Start of Records provided

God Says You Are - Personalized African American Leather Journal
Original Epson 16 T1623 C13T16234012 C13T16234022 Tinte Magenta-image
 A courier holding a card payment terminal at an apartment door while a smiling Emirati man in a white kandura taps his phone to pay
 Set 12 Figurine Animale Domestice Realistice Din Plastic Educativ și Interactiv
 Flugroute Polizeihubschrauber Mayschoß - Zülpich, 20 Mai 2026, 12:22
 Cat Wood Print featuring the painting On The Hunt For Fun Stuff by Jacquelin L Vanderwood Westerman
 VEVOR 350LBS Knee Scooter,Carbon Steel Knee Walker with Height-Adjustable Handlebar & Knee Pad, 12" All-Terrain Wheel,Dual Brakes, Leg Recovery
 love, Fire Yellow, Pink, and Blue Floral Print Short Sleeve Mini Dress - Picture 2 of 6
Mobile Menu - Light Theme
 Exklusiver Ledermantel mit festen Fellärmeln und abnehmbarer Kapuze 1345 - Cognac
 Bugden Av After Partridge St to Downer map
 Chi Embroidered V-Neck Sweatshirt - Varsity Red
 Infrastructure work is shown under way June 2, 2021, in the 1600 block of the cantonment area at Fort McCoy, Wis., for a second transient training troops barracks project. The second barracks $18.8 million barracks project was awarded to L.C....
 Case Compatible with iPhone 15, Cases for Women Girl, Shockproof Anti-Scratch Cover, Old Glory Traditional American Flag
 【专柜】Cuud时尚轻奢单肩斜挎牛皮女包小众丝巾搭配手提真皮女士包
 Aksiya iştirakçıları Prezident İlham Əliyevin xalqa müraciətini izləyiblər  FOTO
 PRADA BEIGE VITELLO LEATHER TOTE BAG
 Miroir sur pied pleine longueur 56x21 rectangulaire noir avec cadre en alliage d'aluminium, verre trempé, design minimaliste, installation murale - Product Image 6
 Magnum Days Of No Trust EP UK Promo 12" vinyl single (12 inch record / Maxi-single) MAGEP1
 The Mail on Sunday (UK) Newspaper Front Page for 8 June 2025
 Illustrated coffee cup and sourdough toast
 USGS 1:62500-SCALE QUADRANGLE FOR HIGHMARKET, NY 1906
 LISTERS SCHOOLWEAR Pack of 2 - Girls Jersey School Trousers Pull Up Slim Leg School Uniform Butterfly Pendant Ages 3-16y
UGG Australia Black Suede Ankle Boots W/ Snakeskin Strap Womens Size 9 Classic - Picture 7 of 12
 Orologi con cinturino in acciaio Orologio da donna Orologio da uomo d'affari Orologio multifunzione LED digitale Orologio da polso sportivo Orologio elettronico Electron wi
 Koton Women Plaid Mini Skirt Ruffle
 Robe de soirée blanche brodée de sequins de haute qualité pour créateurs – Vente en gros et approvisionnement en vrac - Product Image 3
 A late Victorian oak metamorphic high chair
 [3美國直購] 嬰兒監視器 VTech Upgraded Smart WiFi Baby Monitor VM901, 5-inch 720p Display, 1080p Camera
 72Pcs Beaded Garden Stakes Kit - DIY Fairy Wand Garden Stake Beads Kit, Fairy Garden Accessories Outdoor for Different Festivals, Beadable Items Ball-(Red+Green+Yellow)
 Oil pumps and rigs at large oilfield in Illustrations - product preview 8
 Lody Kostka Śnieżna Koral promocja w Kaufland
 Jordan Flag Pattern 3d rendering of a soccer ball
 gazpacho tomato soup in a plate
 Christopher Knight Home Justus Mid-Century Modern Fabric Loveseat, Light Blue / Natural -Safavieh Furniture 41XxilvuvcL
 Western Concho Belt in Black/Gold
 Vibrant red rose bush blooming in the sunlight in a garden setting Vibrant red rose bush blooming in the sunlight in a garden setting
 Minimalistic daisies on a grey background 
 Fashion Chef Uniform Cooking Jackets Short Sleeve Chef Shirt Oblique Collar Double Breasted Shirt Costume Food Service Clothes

End of Records provided

Task goal: All lines in the data that contain the word "Black" should be copied.

Answer to this task:
UGG Australia Black Suede Ankle Boots W/ Snakeskin Strap Womens Size 9 Classic - Picture 7 of 12
 Western Concho Belt in Black/Gold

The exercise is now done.